7. Interest Rate Cap Costs: Interest rate cap prices have significantly increased amid the Fed's interest rate hikes. Borrowers may need to consider alternative options, such as selling properties or refinancing at higher fixed rates. BridgeInvest does not require interest rate caps for its loans.

8. Safe Investments: Horn suggests that an investor's position in the capital stack, combined with a conservative loan-to-value (LTV) ratio, is key to generating risk-adjusted returns. BridgeInvest focuses exclusively on originating floating-rate, senior secured CRE loans, positioning investors favorably in the current market environment.

Overall, the higher-rate environment has led to increased interest in private lending for CRE deals, offering borrowers more certainty and flexibility in a changing market landscape.

Office Development in Boston

Boston's office development market stands out, defying economic challenges, mainly due to its thriving life science sector, which has surged in recent years. Life science properties have gone from 5% of office construction a decade ago to over 25% in the last two years. Boston leads the nation in life sciences development, with 12.4 million square feet under construction. This has propelled Boston to the top of the list for office development in the U.S., with nearly 14 million square feet under construction, accounting for 5.7% of the total office stock.

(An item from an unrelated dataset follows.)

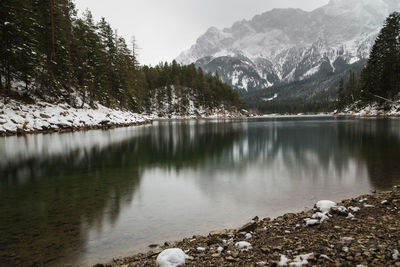 Idyllic shot of mountains and lake against sky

Major developments like Fenway Center and One Boston Wharf are reshaping the city's skyline. Boston's office market remains healthy, with $1.21 billion in transactions in the first seven months of the year, second only to Manhattan among gateway cities.

Coworking spaces are also growing, with 2.9 million square feet in 72 locations. Regus and WeWork are among the key players in this sector.

In summary, Boston's office development market thrives, driven by its robust life science sector and impressive projects, making it an outlier among gateway cities in the post-pandemic era.